Description
Pumpkin pecan bread pudding is the ultimate fall dessert that combines creamy custard-soaked bread with crunchy pecans, creating a warm and comforting dish that’s perfect for gatherings.
Ingredients
Scale
- 4 cups stale bread (cubed)
- 1 cup canned pumpkin puree (100% pure)
- 1 cup pecans (toasted)
- 2 cups whole milk
- 3/4 cup brown sugar
- 4 large eggs
- 1 tsp cinnamon
- 1/2 tsp nutmeg
- 1 tsp vanilla extract
Instructions
- Preheat oven to 350°F (175°C) and grease a baking dish.
- In a large bowl, whisk together eggs, milk, brown sugar, pumpkin puree, vanilla extract, cinnamon, and nutmeg.
- Gently fold in cubed stale bread until fully coated; add toasted pecans.
- Let the mixture sit for 15–30 minutes to soak.
- Pour into the greased baking dish and bake for 45–50 minutes until set but slightly jiggly in the center.

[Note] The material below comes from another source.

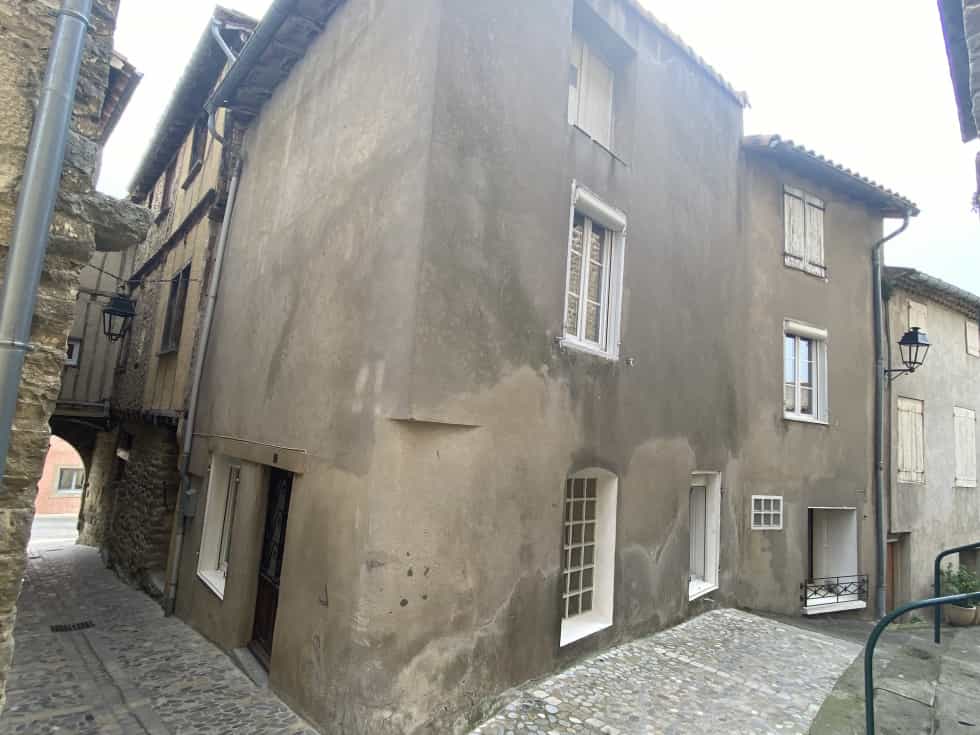 Annen i Limoux, Occitanie 10206117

- Cool for at least 10 minutes before serving with whipped cream or caramel sauce.
- Prep Time: 15 minutes
- Cook Time: 50 minutes
- Category: Dessert
- Method: Baking
- Cuisine: American
Nutrition
- Serving Size: 1 slice (150g)
- Calories: 320
- Sugar: 18g
- Sodium: 180mg
- Fat: 15g
- Saturated Fat: 3g
- Unsaturated Fat: 11g
- Trans Fat: 0g
- Carbohydrates: 41g
- Fiber: 2g
- Protein: 7g
- Cholesterol: 90mg
Keywords: Use day-old bread for better texture; it absorbs custard without becoming soggy. Consider substituting pecans with walnuts or adding chocolate chips for an extra indulgent twist.